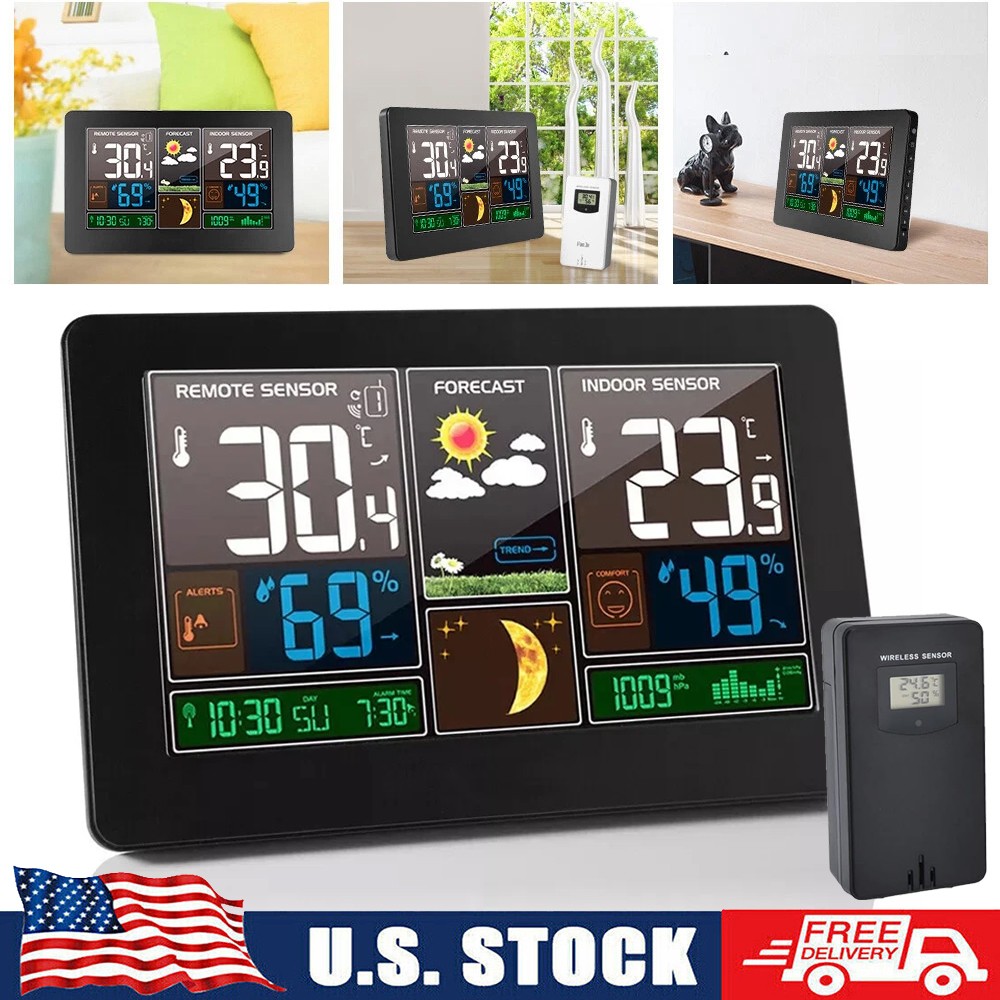 Clock Indoor & Outdoor Calendar Thermometer Wireless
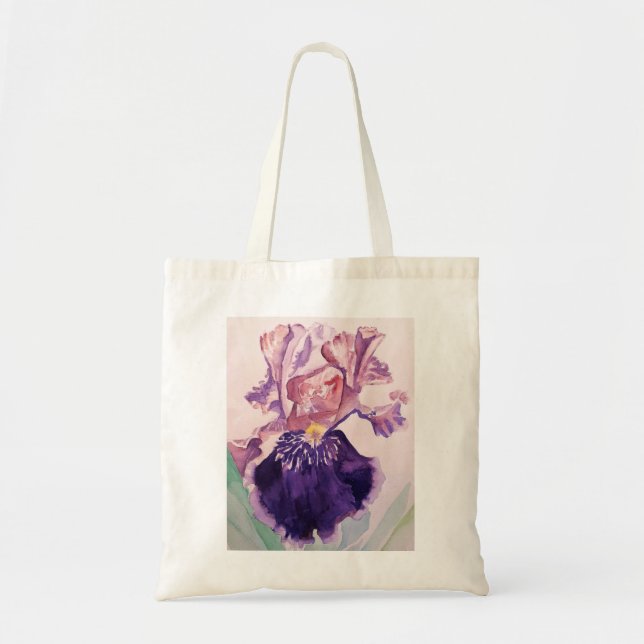 Tote Bag Glorieuse couleur violet iris aquarelle peinture f (Devant)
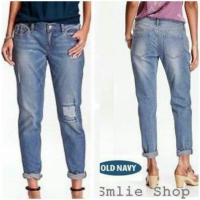 ราคา พร้อมส่งOld navy Women's Boyfriend Skinny Ankle Jeans กางเกงเนื้อดีผสมสเปนดิกยืดได้ค่ะ ขาดเบาๆ (575933)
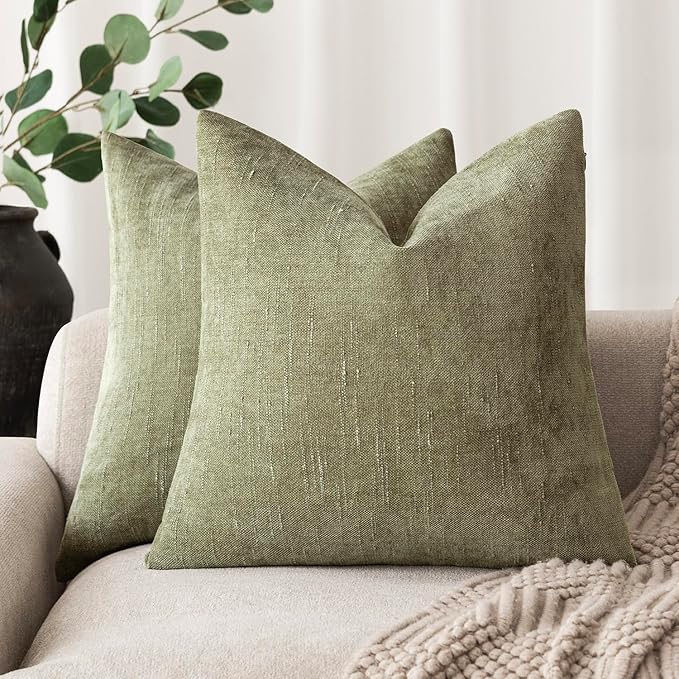Foindtower Pack of 2 Soft Textured Chenille Throw Decorative Pillow Covers Square Accent Solid Cushion Cover Cozy Neutral Farmhouse Pillow Case for Couch Sofa Bedroom Living Room 16x16 Inch,Sage Green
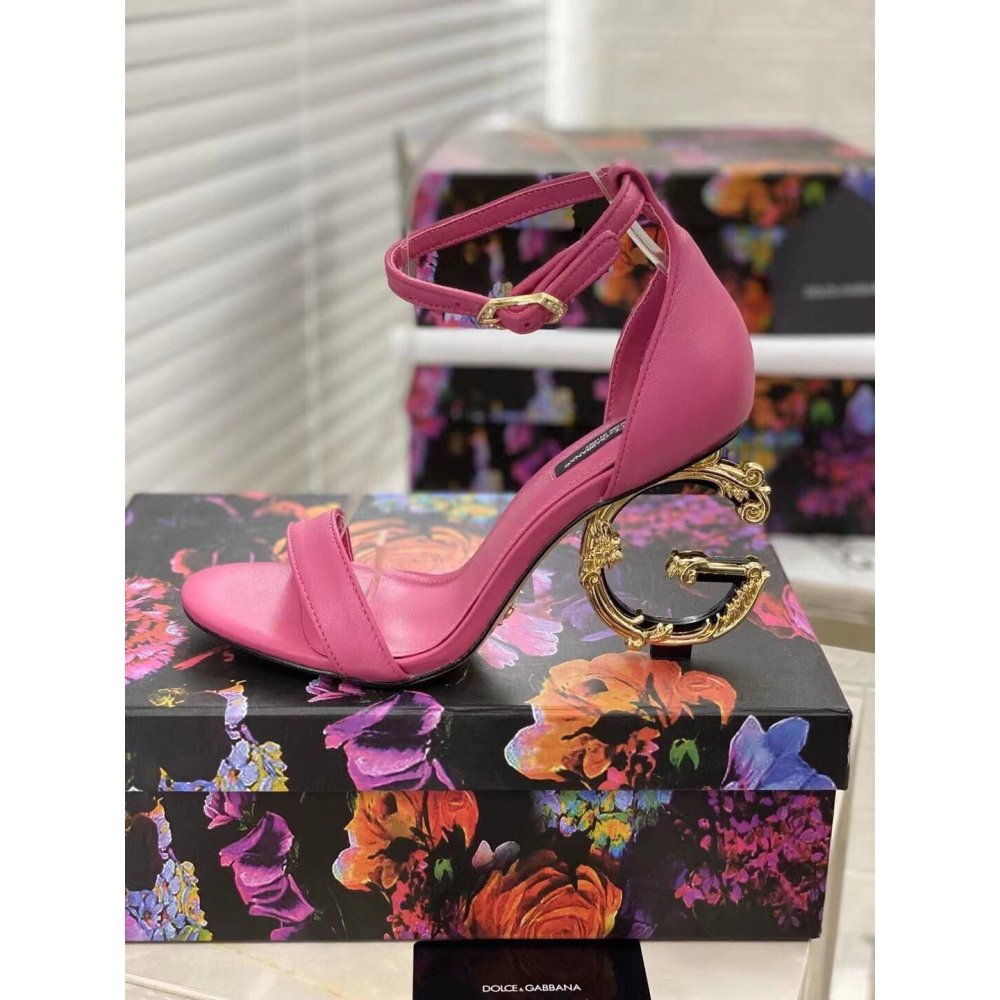 Cheap Reps Dolce Gabbana Pink Sandals with Baroque DG Heel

○ ○ ○ ○ ○ ○ ○

- _About this task_
Output an exact copy of the material, with the pictures removed.

- _Exercise output_
 Clock Indoor & Outdoor Calendar Thermometer Wireless
 Tote Bag Glorieuse couleur violet iris aquarelle peinture f (Devant)
 ราคา พร้อมส่งOld navy Women's Boyfriend Skinny Ankle Jeans กางเกงเนื้อดีผสมสเปนดิกยืดได้ค่ะ ขาดเบาๆ (575933)
Foindtower Pack of 2 Soft Textured Chenille Throw Decorative Pillow Covers Square Accent Solid Cushion Cover Cozy Neutral Farmhouse Pillow Case for Couch Sofa Bedroom Living Room 16x16 Inch,Sage Green
 Cheap Reps Dolce Gabbana Pink Sandals with Baroque DG Heel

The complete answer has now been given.